Die Lust an der Wiederholung

Werke von Georg Friedrich Händel, Nicola Matteis, Georg Muffat, Dietrich Becker, Andrea Falconieri, Maurizio Cazzati, Antonio Vivaldi, verschränkt mit Kompositionen von Klaus Burger

Rubrik: CDs
Verlag/Label: www.klaus-burger.com
erschienen in: das Orchester 01/2005 , Seite 90

Diese CD – eine Entdeckung! Klingt der Titel eher harmlos und mag die Verbindung mit dem Aktionskünstler Klaus Burger auf eine überflüssige Crossover-Produktion hindeuten, zieht einen der Beginn gleich in Bann. Die einleitende Händel-Passacaille geht nahtlos über in Klaus Burgers Händeley für Didgeridoo, dem Instrument der Ureinwohner Australiens, ohne dass dies als Bruch empfunden wird. Mit Erstaunen stellt man hier und auch in den späteren Sätzen die Gleichheit musikalischer Mittel unter dem Leitgedanken der musikalischen „Wiederholung“ fest: rhythmische Ostinati im Bass über sich variativ entwickelnden Oberstimmen. Dies funktioniert bei einer Muffat’schen Ciacona ebenso wie bei einer Burger’schen Improvisation für Tuba oder einer Elegie für Muschelhorn.

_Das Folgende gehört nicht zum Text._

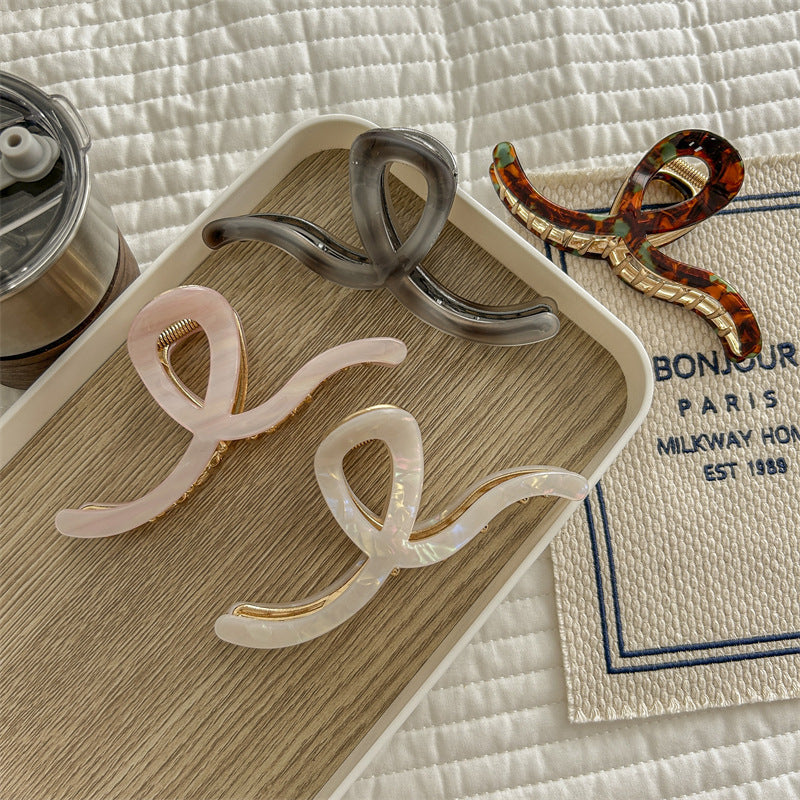 Women's Simple Style Waves Acetic acid sheets Metal Hair Claws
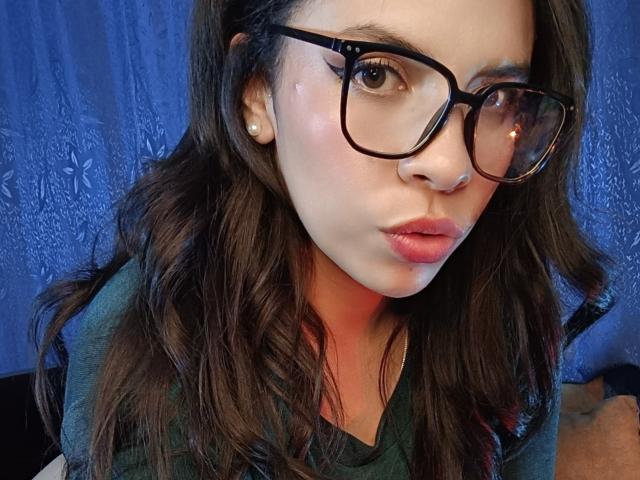 VioletaStone with puffy pink lips, wearing black glasses, green shirt, and pearl earrings, has wavy brown hair and a fair skin tone, pouting slightly.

Das klangliche und musikalische Ergebnis ist verblüffend, zumal die Musiker die verschiedenen Konzertbeiträge in ihrem Konzert am 7. Februar 2003 im Südwestrundfunk Studio Freiburg verschränkten, durch Aufgreifen und Weiterspinnen des musikalischen Materials. Das macht es mitunter schwierig festzustellen, wo die Barockmusik aufhört und Klaus Burgers Komposition beginnt: Der Bogen von Alt zu Neu wird gespannt, beides erwächst organisch jeweils aus dem anderen.

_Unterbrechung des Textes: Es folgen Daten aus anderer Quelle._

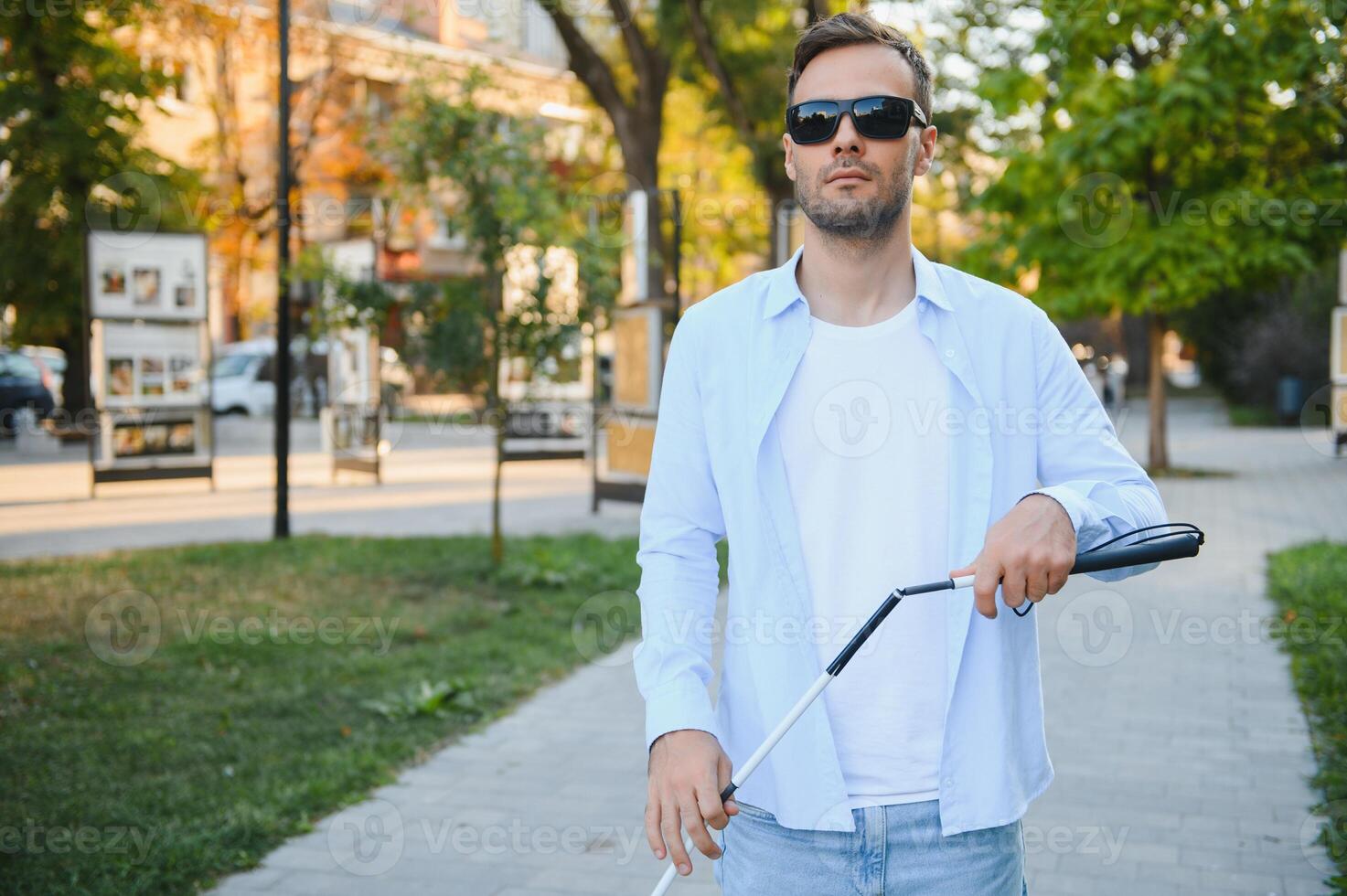 Blind man. Visually impaired man with walking stick, photo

Faszinierend geraten auch die Interpretationen: spielerisch-brillant, durchsichtig und mit Mut auch zu ungewohnten Klangeffekten das auf Alte Musik spezialisierte Ensemble Parnassi musici mit Margaret MacDuffie und Matthias Fischer (Violine), Stephan Schrader (Violoncello) und Martin Lutz (Cembalo, Orgel). Klaus Burger steht mit seinen exotischen Instrumenten – zu den bereits erwähnten kommt noch ein Cimbasso (eine Bassposaune mit Ventilen) hinzu –
in nichts nach: Virtuosität und Klangsinnlichkeit, verbunden mit gelegentlichen Geräuscheffekten. Als Höhepunkt seiner Darbietungen dürfen aus dem zweiten Konzertteil, der nicht vom Ineinanderfließen, sondern vom Kontrast der Musiken lebt, seine Metamorphosen „in und um und um ein umzechtes Thema herum“ für Cimbasso und Schlauchtubasysteme angesehen werden – eine Parodie auf Avantgarde und volkstümliche Unterhaltungsmusik zugleich. Die „historisch“ musizierenden Parnassi musici vermögen dagegen bei den furiosen Variationen eines Andrea Falconieri wie bei der Follia-Sonate von Antonio Vivaldi Glanzlichter zu setzen. Und die gemeinsamen Auftritte oder Überleitungen geraten zu musikalischen Leckerbissen.
Das Konzept der CD mag überraschen. Doch darf man sich davon nicht abschrecken lassen: Dieser CD zuzuhören ist ein reiner Genuss – sie gehört in den Plattenschrank eines jeden Klassikhörers, der Freude an inspirierten Interpretationen und geistreicher Programmgestaltung hat. Lust an der Wiederholung – man bekommt sie bei dieser originellen CD wirklich! Lust an den Techniken des Basso ostinato und der Variation, aber nicht minder am Musizieren von Klaus Burger und dem Ensemble Parnassi musici.